[Task item] Pictures in the entries below are to be left out; otherwise, reproduce exactly the lines from the first through the line containing "Fototapeta premium Orange".

[Exercise input]

--

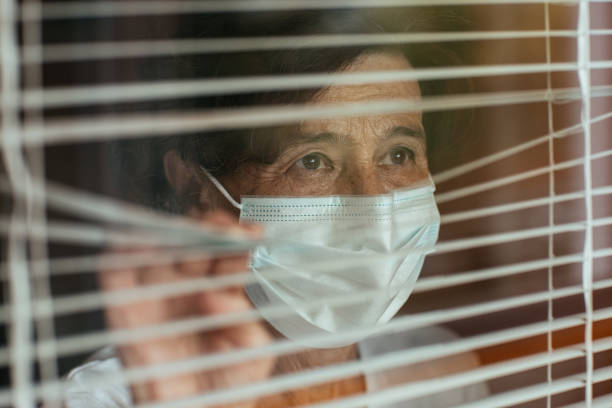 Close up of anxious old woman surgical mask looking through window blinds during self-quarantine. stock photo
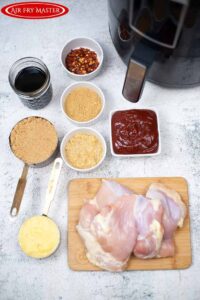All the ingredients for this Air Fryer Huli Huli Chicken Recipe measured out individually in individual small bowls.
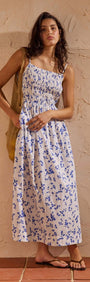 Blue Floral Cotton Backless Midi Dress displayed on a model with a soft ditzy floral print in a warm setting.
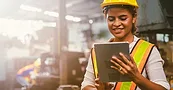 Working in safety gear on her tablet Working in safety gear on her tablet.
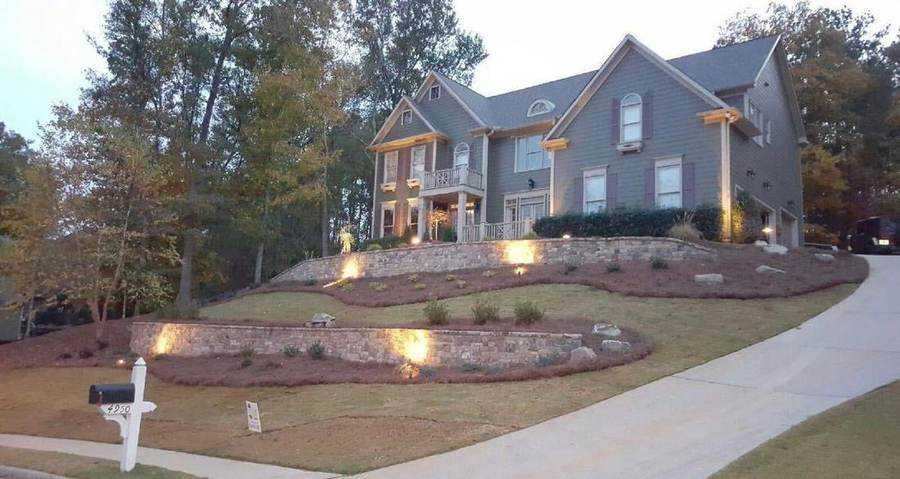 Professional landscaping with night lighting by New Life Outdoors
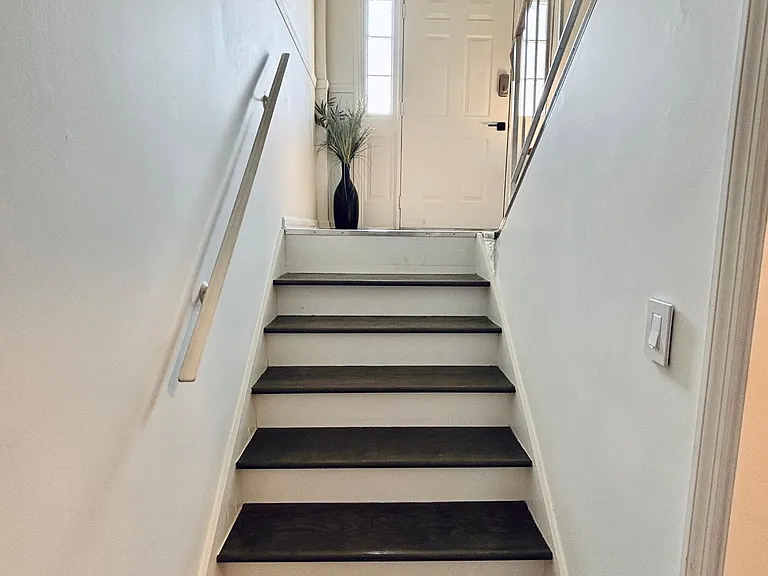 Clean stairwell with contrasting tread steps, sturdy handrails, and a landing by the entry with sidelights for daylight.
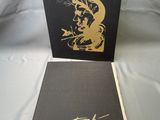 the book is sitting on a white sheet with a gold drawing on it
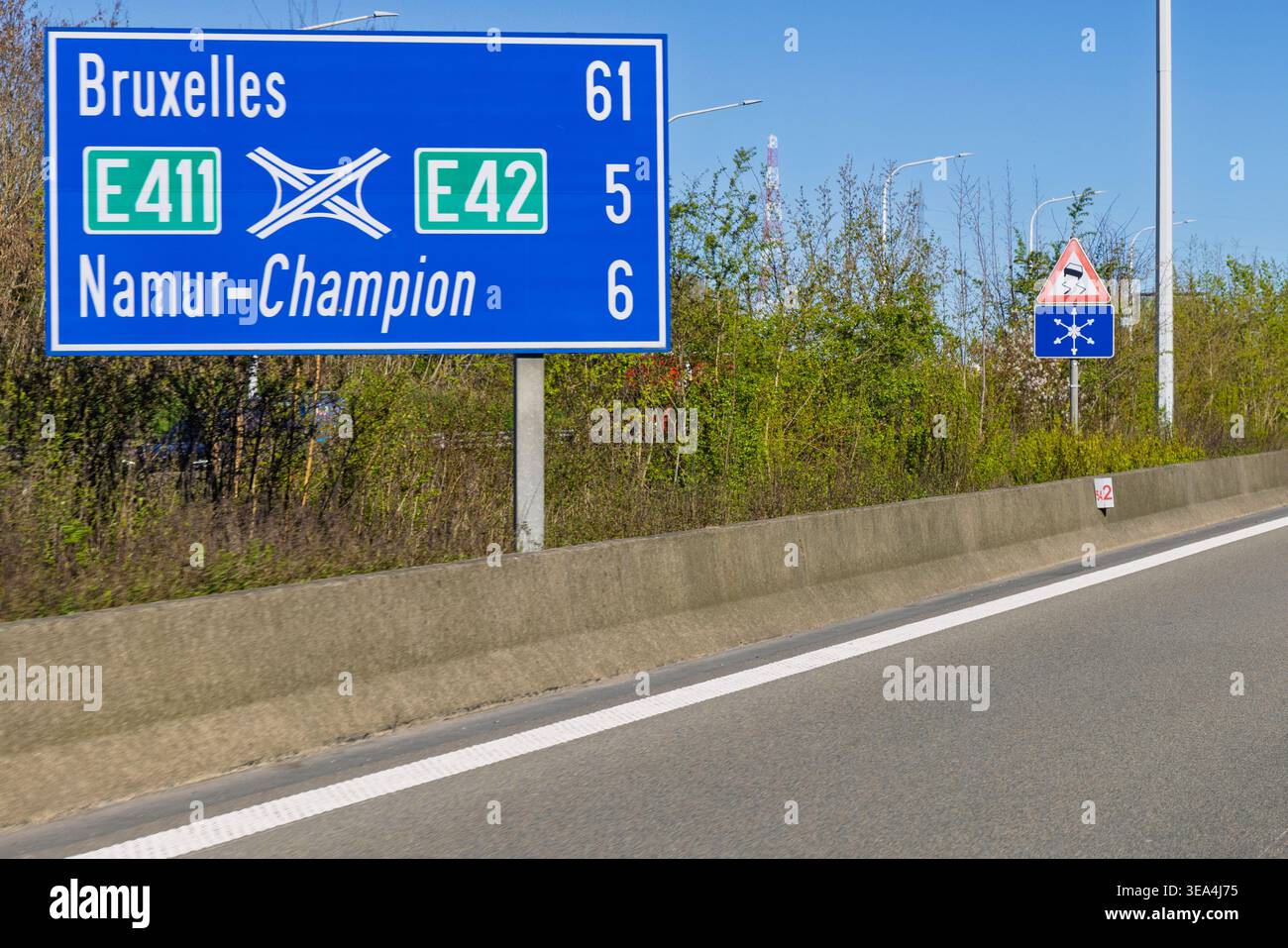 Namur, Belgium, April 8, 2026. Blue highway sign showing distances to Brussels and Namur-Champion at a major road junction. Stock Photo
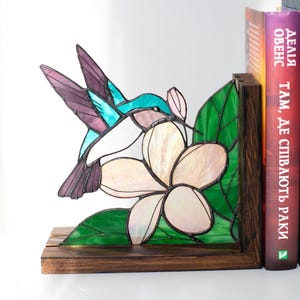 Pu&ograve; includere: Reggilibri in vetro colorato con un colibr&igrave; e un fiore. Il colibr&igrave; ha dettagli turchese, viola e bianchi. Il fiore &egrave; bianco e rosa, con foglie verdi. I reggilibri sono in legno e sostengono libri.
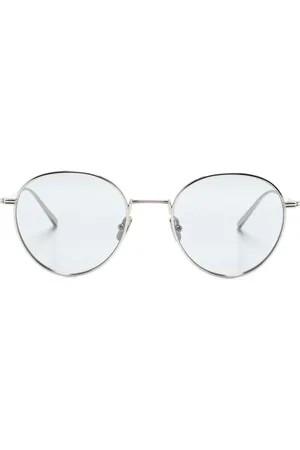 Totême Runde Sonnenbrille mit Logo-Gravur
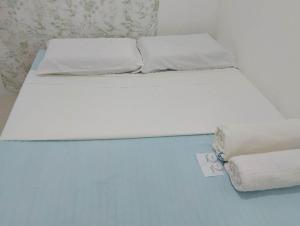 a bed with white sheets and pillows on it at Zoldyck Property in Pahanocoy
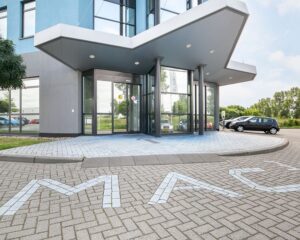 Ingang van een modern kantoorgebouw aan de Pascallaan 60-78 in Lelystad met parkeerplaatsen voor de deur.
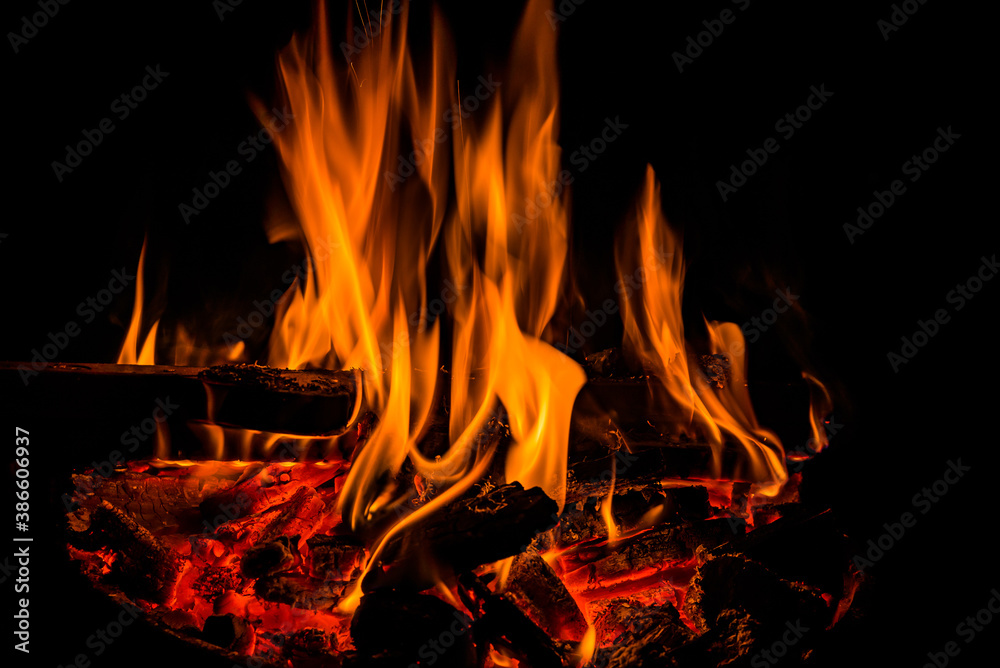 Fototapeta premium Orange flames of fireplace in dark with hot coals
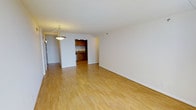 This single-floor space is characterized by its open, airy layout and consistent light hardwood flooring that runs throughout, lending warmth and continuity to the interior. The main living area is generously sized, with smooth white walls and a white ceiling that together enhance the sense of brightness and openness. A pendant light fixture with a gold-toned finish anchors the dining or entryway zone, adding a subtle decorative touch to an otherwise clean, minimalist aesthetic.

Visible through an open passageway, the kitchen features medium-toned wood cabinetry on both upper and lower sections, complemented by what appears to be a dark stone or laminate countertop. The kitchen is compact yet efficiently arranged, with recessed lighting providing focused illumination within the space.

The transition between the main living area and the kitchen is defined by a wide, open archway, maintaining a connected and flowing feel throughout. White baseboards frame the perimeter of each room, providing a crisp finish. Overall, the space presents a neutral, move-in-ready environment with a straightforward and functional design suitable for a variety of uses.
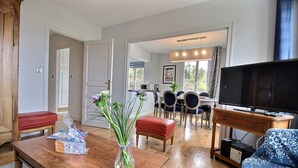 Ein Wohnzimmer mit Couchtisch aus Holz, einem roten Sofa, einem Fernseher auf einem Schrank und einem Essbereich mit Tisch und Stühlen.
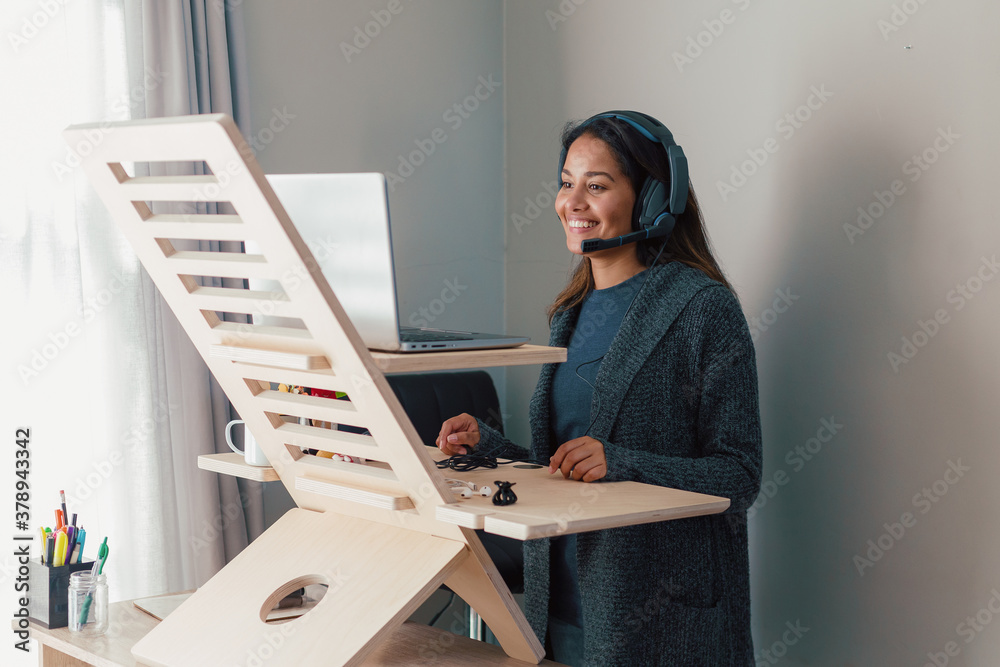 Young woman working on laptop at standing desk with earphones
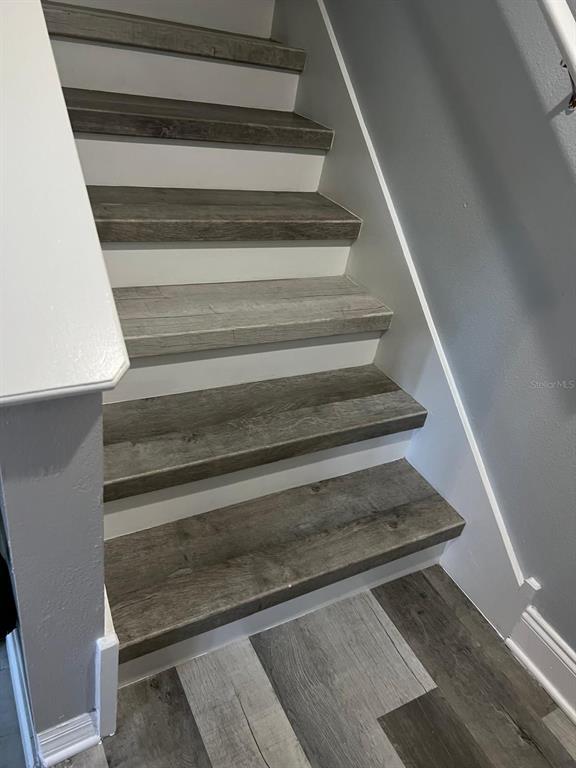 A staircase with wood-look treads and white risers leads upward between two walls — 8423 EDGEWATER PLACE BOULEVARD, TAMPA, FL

--

[Solution below]
 Close up of anxious old woman surgical mask looking through window blinds during self-quarantine. stock photo
All the ingredients for this Air Fryer Huli Huli Chicken Recipe measured out individually in individual small bowls.
 Blue Floral Cotton Backless Midi Dress displayed on a model with a soft ditzy floral print in a warm setting.
 Working in safety gear on her tablet Working in safety gear on her tablet.
 Professional landscaping with night lighting by New Life Outdoors
 Clean stairwell with contrasting tread steps, sturdy handrails, and a landing by the entry with sidelights for daylight.
 the book is sitting on a white sheet with a gold drawing on it
 Namur, Belgium, April 8, 2026. Blue highway sign showing distances to Brussels and Namur-Champion at a major road junction. Stock Photo
 Pu&ograve; includere: Reggilibri in vetro colorato con un colibr&igrave; e un fiore. Il colibr&igrave; ha dettagli turchese, viola e bianchi. Il fiore &egrave; bianco e rosa, con foglie verdi. I reggilibri sono in legno e sostengono libri.
 Totême Runde Sonnenbrille mit Logo-Gravur
 a bed with white sheets and pillows on it at Zoldyck Property in Pahanocoy
 Ingang van een modern kantoorgebouw aan de Pascallaan 60-78 in Lelystad met parkeerplaatsen voor de deur.
 Fototapeta premium Orange flames of fireplace in dark with hot coals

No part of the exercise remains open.